- **AIM OF THE TASK**
Look for "photo" in the listing below. Gather each line that contains it.
┄┄┄┄┄┄
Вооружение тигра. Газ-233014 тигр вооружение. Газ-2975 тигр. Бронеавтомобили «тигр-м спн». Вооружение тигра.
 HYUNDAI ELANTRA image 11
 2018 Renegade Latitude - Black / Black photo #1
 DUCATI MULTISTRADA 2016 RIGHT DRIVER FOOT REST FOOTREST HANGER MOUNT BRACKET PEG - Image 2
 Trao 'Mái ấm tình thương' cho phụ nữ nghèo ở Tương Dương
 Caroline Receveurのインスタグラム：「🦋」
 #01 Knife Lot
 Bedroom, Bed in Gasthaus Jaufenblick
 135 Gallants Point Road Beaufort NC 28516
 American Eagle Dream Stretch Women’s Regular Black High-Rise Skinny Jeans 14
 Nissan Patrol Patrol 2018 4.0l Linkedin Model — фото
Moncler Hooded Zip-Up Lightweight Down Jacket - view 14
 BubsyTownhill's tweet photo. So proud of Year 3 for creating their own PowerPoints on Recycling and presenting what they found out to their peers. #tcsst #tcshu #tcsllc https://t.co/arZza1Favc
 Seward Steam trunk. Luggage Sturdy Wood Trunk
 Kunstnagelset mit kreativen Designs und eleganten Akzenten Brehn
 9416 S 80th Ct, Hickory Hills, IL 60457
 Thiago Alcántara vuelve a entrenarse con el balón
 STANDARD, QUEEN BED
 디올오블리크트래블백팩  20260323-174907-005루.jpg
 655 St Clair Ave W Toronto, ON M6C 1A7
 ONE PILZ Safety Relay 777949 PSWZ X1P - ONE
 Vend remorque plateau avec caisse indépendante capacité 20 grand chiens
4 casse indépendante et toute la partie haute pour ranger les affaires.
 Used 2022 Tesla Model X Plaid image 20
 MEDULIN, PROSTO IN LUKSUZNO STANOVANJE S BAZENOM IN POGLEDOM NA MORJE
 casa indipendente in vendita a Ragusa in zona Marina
┄┄┄┄┄┄
- **REPLY**
 2018 Renegade Latitude - Black / Black photo #1
 BubsyTownhill's tweet photo. So proud of Year 3 for creating their own PowerPoints on Recycling and presenting what they found out to their peers. #tcsst #tcshu #tcsllc https://t.co/arZza1Favc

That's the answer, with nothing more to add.